Le stesse denominazioni di “fascismo” e “Fasci italiani di combattimento” richiama i socialisti Fasci siciliani dei lavoratori che tra il 1891 e il 1894 costituirono in Sicilia un movimento organizzato da contadini, minatori e operai. La stessa strategia si è continuata a registrare negli anni successivi, come attestano “Fronte della Gioventù”, organizzazione giovanile comunista nata nel 1944 da ragazze e ragazzi impegnati nella lotta di liberazione dal nazifascismo, usato nel 1971 per definire il gruppo giovanile del Movimento sociale italiano e “Ordine Nuovo”, rivista fondata nel 1919 dall’intellettuale Antonio Gramsci con cui si definì anche il movimento nato a fine anni Sessanta implicato nella strage di piazza Fontana del 12 dicembre 1969. Ordine Nuovo venne sciolto con l’applicazione della legge Scelba sul divieto di riorganizzazione del partito fascista, e i suoi principali esponenti condannati grazie ad anni di indagini da parte del magistrato Vittorio Occorsio, assassinato nel 1976 a Roma da una raffica di mitra. Vicino al suo cadavere vennero lasciati dei volantini in cui il gruppo di estrema destra ne rivendicava l’omicidio per aver “servito la dittatura democratica perseguitando i militanti” del movimento.
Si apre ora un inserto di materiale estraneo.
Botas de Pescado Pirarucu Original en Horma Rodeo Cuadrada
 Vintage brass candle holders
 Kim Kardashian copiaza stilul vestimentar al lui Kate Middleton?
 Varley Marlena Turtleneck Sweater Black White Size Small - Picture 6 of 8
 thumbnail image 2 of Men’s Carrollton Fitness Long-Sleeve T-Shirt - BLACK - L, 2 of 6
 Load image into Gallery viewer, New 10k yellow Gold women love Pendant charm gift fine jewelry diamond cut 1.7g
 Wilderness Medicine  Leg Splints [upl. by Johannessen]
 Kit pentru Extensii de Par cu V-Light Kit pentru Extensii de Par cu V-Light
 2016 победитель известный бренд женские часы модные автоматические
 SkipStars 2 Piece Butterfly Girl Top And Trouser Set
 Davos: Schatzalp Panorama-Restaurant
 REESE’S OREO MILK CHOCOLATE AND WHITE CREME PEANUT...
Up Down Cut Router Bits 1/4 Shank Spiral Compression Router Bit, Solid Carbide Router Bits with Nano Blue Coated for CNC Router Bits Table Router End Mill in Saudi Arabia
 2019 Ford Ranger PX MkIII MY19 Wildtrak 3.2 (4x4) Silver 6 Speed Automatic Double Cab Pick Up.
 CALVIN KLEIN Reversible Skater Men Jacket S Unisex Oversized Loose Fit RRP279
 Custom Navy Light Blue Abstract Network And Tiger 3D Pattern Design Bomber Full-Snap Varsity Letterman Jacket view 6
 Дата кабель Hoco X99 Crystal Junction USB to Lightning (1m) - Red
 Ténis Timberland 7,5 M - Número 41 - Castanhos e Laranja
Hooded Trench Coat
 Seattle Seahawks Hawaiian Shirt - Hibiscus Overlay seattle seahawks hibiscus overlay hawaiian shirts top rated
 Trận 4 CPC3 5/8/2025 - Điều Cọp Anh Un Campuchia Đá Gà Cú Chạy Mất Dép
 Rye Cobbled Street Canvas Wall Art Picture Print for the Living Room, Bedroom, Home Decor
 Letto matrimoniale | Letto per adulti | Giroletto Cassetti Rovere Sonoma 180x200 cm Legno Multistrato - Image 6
L’immagine simbolo di Ernesto Che Guevara, riprodotta su t-shirt e poster

In tempi più recenti, CasaPound è riuscita persino ad appropriarsi dell’icona di Ernesto Che Guevara nei propri manifesti. Negli anni Sessanta, il noto rivoluzionario argentino aderì, al fianco di Fidel Castro, al movimento che destituì il dittatore cubano Fulgencio Batista. In seguito volle attuare la rivoluzione socialista anche in Congo e in Bolivia, dove venne catturato dalle forze governative e ucciso. Il suo motto “Patria o muerte” oggi seduce anche gli estremisti di destra per i quali esiste «lo spazio per un fascismo rivoluzionario e sociale, un fascismo moderno che tiene insieme le soggezioni dello squadrismo d’azione e il mito rivoluzionario dell’autodeterminazione dei popoli. Insomma Marinetti e Che Guevara» afferma il giornalista Carlo Bonini nel documentario “Fuori dalle fogne”, in riferimento allo slogan “fascisti, carogne, tornate nelle fogne!” gridato negli anni Settanta nelle piazze.

Antonio Gramsci

CasaPound ha inoltre incorporato tra i propri numi Antonio Gramsci, uno dei fondatori del Partito comunista italiano, e la sua elaborazione di “egemonia culturale”, attuata attraverso un percorso ben preciso costituito da incontri e dibattiti di grande richiamo mediatico con l’intento di dominare a livello sociale e politico, come viene ben descritto da Elia Rosati, docente dell’università di Milano, in “CasaPound Italia. Fascisti del Terzo millennio” (Mimesis, 2018). Da ciò, un altro paradosso: l’appropriazione (indebita) da parte dei “fascisti del terzo millennio” del pensiero di una personalità a cui è stato impedito “di funzionare per almeno vent’anni” (così il pubblico ministero affermò nella sua requisitoria, durante il processo subito dall’intellettuale comunista nel 1928; l’arresto risale al 1926) e che in prima persona pagò le persecuzioni politiche del fascismo. Quel cervello non smise mai di funzionare e produsse in carcere una vastità di riflessioni che ne fanno, ancora oggi, uno dei pensatori più studiati a livello internazionale sotto il profilo politico e culturale. Morì nel 1937 dopo undici anni di reclusione.